# EXERCISE AIM
Copy the records that follow exactly as written, but not their pictures.

# EXTRACTED RECORDS
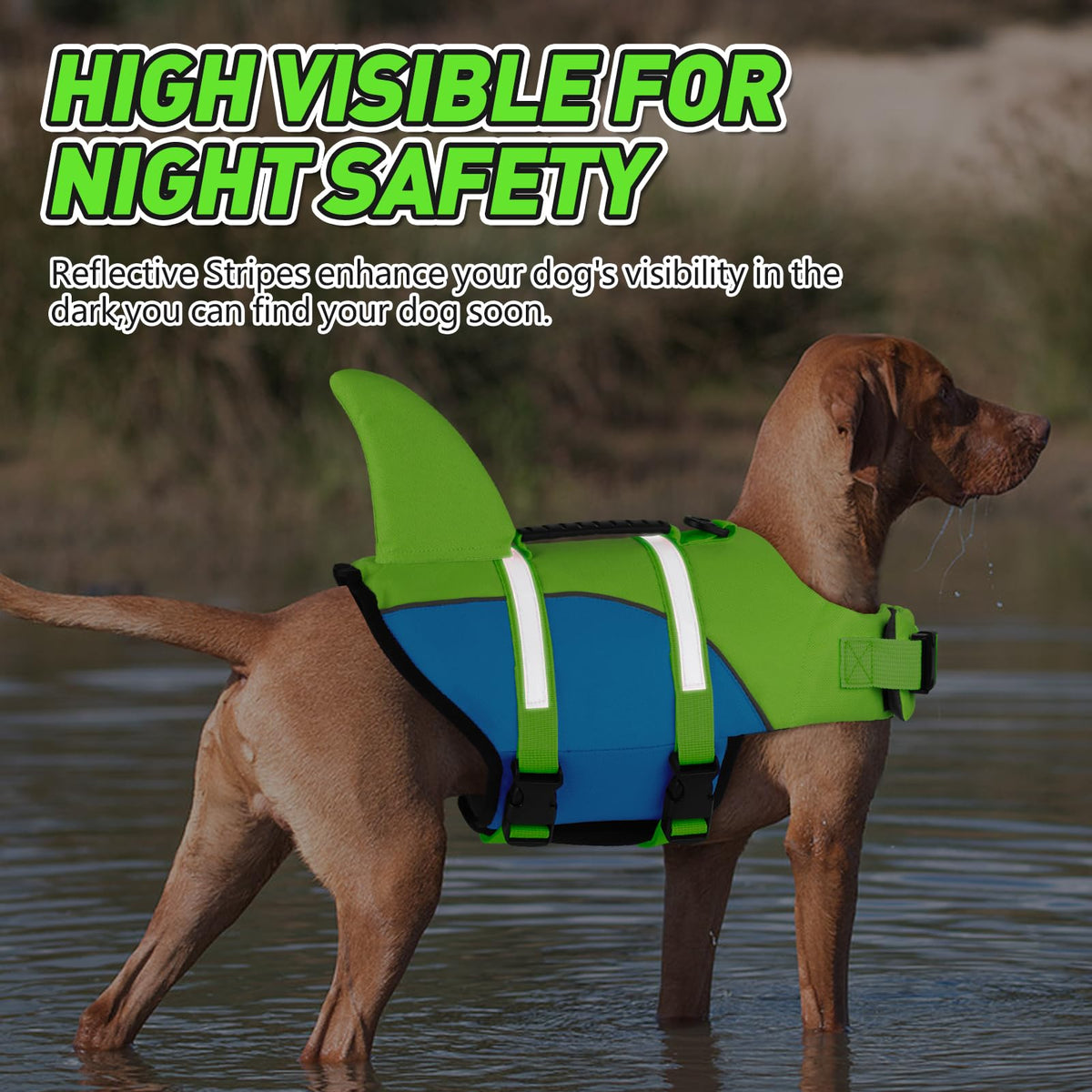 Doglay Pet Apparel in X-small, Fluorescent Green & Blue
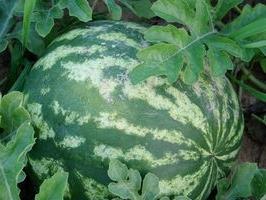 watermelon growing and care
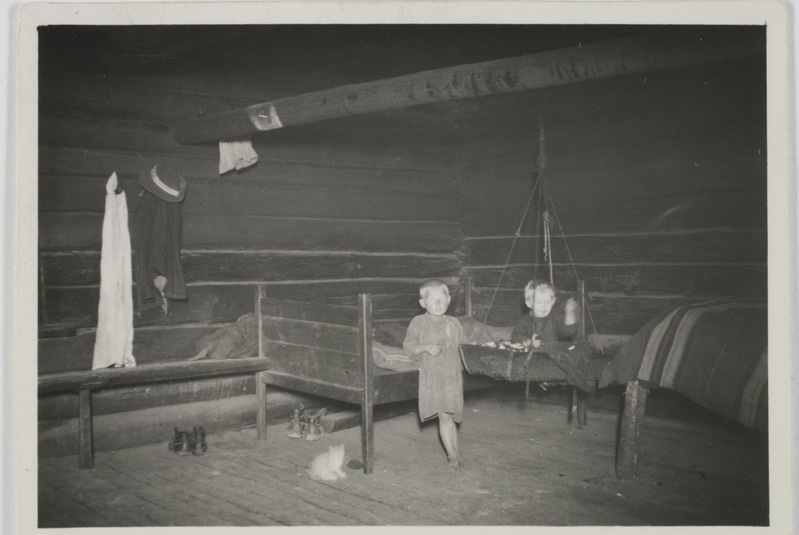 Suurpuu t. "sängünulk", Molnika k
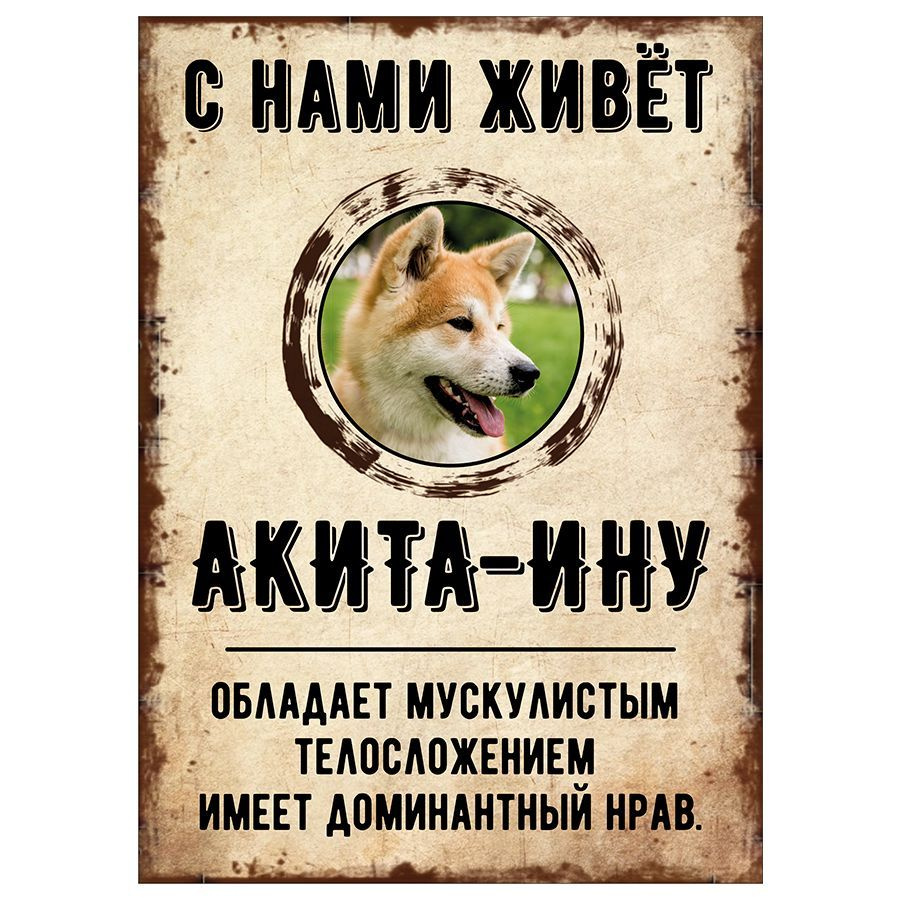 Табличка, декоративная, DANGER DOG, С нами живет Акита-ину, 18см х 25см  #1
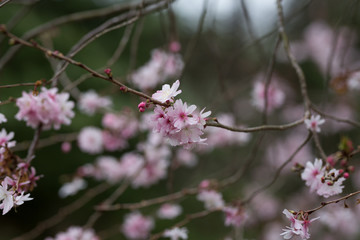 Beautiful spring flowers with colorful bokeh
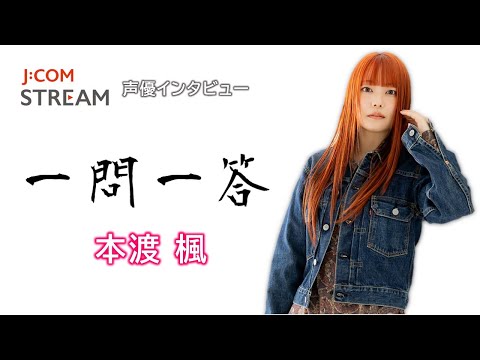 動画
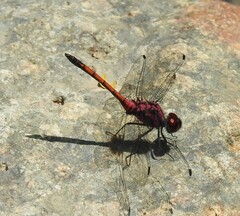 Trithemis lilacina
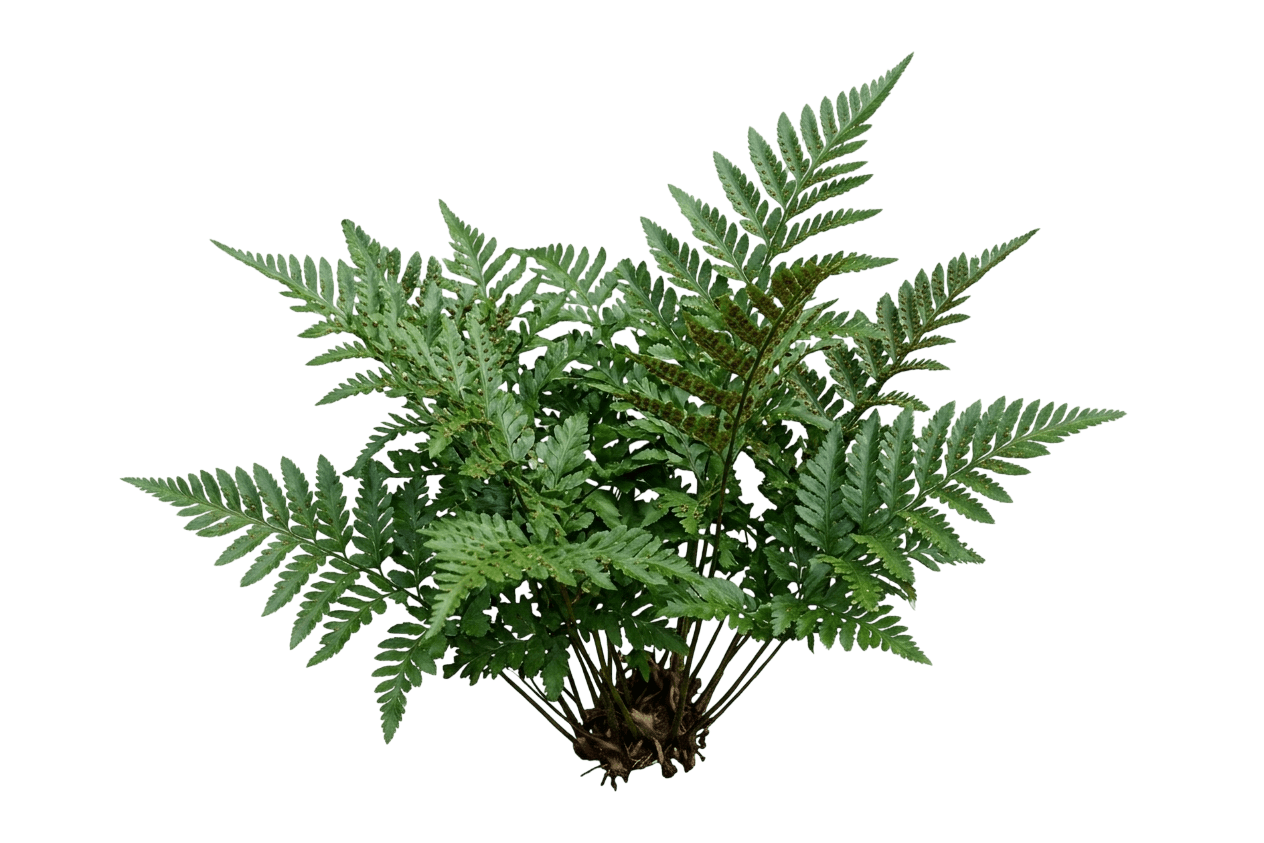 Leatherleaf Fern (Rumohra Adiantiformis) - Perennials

# WRITTEN ANSWER
 Doglay Pet Apparel in X-small, Fluorescent Green & Blue
 watermelon growing and care
 Suurpuu t. "sängünulk", Molnika k
 Табличка, декоративная, DANGER DOG, С нами живет Акита-ину, 18см х 25см  #1
 Beautiful spring flowers with colorful bokeh
 動画
 Trithemis lilacina
 Leatherleaf Fern (Rumohra Adiantiformis) - Perennials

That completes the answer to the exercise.